Among the cruel vectors within this spectacular sorting process is the constant refrain in the media that the expulsions are being conducted for the benefit of those expelled. Often tied to discourses of risk reduction, infrastructure fragility, or urban upgrading, the expulsion of the urban poor under “normalization” appropriates a pastoral logic of governmentality as its public face, only to remove this mask once residents have been coerced into new and typically untenable settlements, revealing the logic of precarization at stake in the process. With one of the highest rates of urbanization in the world, the fanatical hope of cleansing the city of urban poverty by repeatedly attacking and antagonizing the urban poor is ruthlessly cynical. However, even more cynical is another common refrain made popular by city officials: these residents—the urban poor living in kampungs or other difficult-to-formalize socio-spatial arrangements—should just go back where they came from.

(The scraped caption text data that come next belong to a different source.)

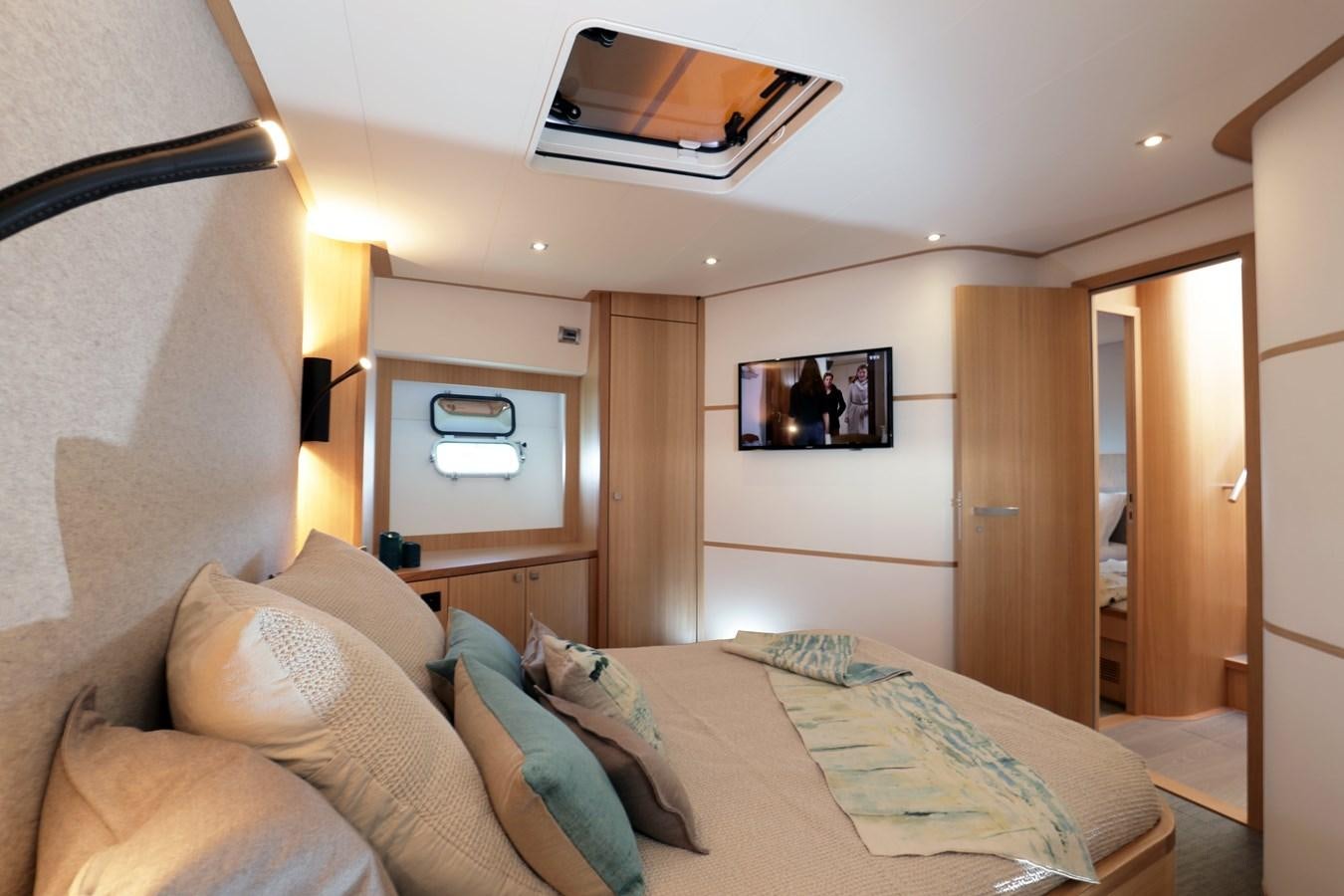 a bed in a room aboard ARMONEE Yacht for Sale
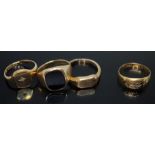 A group of four rings comprising three hallmarked 9ct gold, wt. 11.74g, and a hallmarked 18ct gold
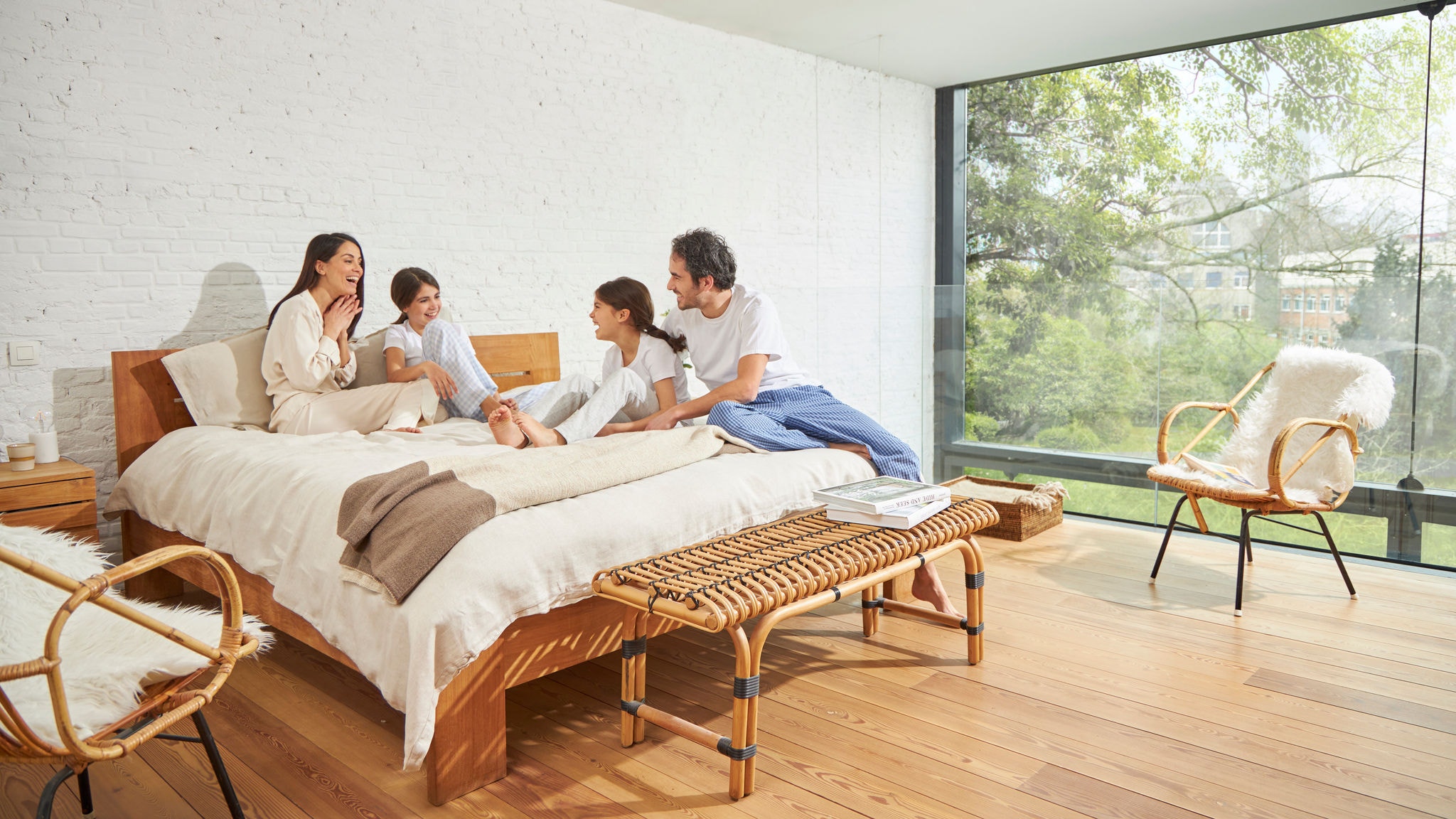 Una familia charlando en la cama de un dormitorio con una gran pared acristalada, buena calidad del aire interior y mucha luz natural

With approximately 17,000 islands and a population of 240 million, the archipelago of Indonesia is a geographically massive country; some of its major islands, such as Borneo, Sumatra, and New Guinea, are among the largest in the world. While the megacity of Jakarta is suffocating in the smog from tens of millions of cars crawling through its interminably congested streets, these faraway islands can no longer provide an opportunity for going back to the nurturing countryside. This is because—starting with a development grant from the World Bank in the late 1970s, and intensifying rapidly ever since Suharto’s downfall in the late 90s, and the influx of international palm oil companies in the early 2000s—a voraciously corrupt state-company-apparatus has transformed the region from one of the most diverse rainforest ecologies in the world to an unfathomably large carpet of monoculture oil palm plantations. As a handful of the super-rich increase their financial and political power, the livelihoods of countless human and nonhuman inhabitants depending on the natural wealth of the Indonesian countryside are discarded into precarity.